Now, we have moved beyond that barbarity, and people with Down syndrome typically are raised with their siblings in a loving family atmosphere, educated, and sometimes taught a profession. Donny’s vocation is art. One of his sisters is also an artist, so it clearly runs in the family. I have seen Donny’s art, and it’s amazing. The first time I saw one of his canvases, I was speechless. It was not just good art, it was modern art as good as any I’d ever seen, worthy of a New York gallery, worthy of a museum. If his parents had the background and wherewithal, his art would be known worldwide. Instead, it continues to grace private homes and offices, and Donny remains unknown. Life’s lottery may seem to have passed him by, but though fame has eluded him, he’s been raised surrounded by love, and is in turn one of the sweetest, most loving people I’ve ever met.

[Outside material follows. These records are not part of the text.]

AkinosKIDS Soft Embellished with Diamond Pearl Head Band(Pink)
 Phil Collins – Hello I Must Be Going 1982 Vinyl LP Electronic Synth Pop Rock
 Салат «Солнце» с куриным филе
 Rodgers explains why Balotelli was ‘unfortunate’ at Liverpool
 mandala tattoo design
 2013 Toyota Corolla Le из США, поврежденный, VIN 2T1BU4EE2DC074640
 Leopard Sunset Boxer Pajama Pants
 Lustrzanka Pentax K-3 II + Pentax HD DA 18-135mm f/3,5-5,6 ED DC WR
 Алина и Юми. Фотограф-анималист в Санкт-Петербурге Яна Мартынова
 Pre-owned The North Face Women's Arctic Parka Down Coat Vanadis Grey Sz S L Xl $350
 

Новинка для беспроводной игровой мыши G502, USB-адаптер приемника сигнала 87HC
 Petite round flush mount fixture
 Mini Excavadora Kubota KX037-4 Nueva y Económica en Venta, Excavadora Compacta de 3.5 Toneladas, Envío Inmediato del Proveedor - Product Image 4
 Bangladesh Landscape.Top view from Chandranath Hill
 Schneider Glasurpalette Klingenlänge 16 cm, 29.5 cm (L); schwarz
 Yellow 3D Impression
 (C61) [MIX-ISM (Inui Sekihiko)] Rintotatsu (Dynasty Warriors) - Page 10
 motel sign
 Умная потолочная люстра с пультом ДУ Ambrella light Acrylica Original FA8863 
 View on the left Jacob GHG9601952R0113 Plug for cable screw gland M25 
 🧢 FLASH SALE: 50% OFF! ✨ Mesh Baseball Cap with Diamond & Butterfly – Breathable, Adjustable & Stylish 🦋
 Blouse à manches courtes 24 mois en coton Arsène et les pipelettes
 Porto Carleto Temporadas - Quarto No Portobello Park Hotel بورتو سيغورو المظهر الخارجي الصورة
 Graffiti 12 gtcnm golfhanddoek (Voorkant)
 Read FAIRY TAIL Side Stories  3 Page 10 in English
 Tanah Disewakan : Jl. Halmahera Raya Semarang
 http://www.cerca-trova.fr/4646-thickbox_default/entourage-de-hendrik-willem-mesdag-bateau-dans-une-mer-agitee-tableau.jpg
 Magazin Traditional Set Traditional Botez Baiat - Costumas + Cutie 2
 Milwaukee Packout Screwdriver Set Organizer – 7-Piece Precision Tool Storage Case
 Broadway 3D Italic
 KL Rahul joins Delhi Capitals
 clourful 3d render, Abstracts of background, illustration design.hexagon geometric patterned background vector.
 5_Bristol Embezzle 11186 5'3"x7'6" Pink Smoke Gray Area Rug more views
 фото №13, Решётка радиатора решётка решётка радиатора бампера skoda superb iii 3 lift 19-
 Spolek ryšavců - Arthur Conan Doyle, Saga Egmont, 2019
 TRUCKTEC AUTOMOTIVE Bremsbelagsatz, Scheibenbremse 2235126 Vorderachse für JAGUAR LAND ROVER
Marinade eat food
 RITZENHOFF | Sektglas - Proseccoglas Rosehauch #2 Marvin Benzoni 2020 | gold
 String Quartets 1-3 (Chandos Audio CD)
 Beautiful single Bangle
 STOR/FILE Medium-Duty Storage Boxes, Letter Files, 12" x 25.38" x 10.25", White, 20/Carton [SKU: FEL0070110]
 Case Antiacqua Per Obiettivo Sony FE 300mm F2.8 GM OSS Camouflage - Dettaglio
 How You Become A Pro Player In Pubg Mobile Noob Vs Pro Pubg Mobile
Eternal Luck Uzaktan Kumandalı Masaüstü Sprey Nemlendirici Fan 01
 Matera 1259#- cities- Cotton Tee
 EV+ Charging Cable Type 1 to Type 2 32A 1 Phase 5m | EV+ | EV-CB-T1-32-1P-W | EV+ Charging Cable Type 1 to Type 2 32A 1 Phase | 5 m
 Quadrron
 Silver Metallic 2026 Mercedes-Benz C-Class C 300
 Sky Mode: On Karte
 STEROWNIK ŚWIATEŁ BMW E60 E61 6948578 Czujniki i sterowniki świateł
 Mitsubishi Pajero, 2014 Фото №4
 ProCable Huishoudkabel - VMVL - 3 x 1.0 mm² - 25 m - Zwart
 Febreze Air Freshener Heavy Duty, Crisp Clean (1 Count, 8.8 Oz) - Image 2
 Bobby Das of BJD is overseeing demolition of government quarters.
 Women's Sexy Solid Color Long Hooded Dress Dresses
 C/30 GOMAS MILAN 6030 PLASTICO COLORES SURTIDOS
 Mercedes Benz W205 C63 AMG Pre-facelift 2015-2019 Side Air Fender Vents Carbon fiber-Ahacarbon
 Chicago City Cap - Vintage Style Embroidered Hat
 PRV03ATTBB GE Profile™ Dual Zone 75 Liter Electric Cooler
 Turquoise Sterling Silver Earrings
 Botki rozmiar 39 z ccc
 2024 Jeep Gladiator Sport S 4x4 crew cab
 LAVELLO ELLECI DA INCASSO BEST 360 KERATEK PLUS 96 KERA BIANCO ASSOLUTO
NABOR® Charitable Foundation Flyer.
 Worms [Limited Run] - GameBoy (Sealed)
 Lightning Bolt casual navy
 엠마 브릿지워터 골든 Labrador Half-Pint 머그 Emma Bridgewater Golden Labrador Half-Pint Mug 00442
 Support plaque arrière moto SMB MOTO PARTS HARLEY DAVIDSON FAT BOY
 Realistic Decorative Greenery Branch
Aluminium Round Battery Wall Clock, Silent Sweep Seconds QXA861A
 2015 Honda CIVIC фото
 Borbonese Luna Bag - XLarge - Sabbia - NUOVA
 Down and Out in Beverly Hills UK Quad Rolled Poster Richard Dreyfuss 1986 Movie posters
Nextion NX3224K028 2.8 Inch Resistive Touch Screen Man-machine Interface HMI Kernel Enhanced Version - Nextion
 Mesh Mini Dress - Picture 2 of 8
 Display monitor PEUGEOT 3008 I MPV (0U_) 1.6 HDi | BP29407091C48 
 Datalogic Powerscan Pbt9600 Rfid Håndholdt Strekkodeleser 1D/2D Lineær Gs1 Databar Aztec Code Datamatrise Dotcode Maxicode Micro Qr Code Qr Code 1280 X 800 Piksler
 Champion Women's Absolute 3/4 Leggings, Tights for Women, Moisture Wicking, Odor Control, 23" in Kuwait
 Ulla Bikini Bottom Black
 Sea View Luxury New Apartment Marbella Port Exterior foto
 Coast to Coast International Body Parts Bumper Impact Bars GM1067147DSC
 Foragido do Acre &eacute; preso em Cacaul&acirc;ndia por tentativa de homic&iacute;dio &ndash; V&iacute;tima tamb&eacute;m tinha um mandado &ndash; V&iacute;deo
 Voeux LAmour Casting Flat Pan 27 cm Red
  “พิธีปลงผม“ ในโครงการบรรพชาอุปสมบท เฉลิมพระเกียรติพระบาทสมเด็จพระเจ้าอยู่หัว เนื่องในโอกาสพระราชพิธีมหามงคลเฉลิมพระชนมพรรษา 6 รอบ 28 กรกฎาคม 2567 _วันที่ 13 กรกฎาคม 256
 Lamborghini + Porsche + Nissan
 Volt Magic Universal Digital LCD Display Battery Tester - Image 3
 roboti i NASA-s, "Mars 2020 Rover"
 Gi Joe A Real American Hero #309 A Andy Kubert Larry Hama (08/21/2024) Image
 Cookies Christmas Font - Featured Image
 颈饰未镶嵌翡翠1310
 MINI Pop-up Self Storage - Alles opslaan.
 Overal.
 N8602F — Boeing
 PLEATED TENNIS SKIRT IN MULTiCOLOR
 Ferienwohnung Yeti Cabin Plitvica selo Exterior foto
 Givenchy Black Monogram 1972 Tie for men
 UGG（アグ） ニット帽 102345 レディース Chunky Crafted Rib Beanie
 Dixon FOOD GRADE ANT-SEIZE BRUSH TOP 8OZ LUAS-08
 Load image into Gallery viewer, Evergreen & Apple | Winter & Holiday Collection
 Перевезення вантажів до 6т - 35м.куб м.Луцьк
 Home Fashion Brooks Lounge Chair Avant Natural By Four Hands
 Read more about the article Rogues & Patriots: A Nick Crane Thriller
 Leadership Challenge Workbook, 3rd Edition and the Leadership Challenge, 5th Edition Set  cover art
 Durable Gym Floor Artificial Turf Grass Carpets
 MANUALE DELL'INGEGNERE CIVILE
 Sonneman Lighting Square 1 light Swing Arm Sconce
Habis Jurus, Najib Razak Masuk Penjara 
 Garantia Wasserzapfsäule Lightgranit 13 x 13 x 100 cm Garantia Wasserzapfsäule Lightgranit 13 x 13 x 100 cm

And now, thanks to Christian, he’s an actor, too. Donny loves movies—his hero is Batman—so to actually be in a movie himself was a thrilling experience. Christian hopes to feature his uncle in many future videos, too. After all, someone has to protect ketchup from extermination by misguided bigots!

Incidentally, in case you’re wondering, ketchup really is evil. At least, major brands of ketchup are evil. The last time we saw Christian, he held up an offending bottle of ketchup and pointed to the ingredients, and there, sure enough, were the dreaded words “high-fructose corn syrup.” I don’t know about you, but I’m convinced that high-fructose corn syrup, which seems to be turning up in everything, is responsible for making us all fat. If you love ketchup like we do, I urge you to look for a corn fructose-free brand. Or be adventurous and make your own!

Admittedly, I have not (yet) tried this. We buy our ketchup from a local family-owned business, Bauman’s in nearby Sassamansville, PA. (Their apple butter and other fruit butters—18 in all—are outstanding, and they use all-natural ingredients with no additives or preservatives. Go to www.baumanfamily.com to check out their products, see if they’re carried by stores in your area, or order them directly if not.) The Bauman’s ketchup bottle lists the ingredients as tomatoes, garden peppers, white grape juice concentrate, celery, onions, cider vinegar, and spices.

I was going to give you all a ketchup recipe from one of my most interesting cookbooks, going way back to 1979, called Better Than Store-Bought, about making all sorts of condiments and the like from scratch. But mercy, it was a very long recipe!

So instead, I’ll clue you in as to the spices they used, in case you want to try making your own: garlic, salt, mustardseeds, whole allspice berries, stick cinnamon, whole black peppercorns, bay leaf, whole cloves, ground or whole coriander seed, celery seed, and dried red pepper flakes or hot sauce. The authors used paste tomatoes and added a mix of brown and white sugar instead of Bauman’s preferred white grape juice concentrate. And I wasn’t surprised to see that they’d tied all those whole spices into a cheesecloth bag and put it in the tomato mixture while it was cooking, then removed it before pouring the finished ketchup into jars and home-canning it.

Whether you buy your ketchup or make it at home, avoid the evil high-fructose corn syrup. As one of the actors in “To Hell with Ketchup” aptly notes, “It’s depraved!”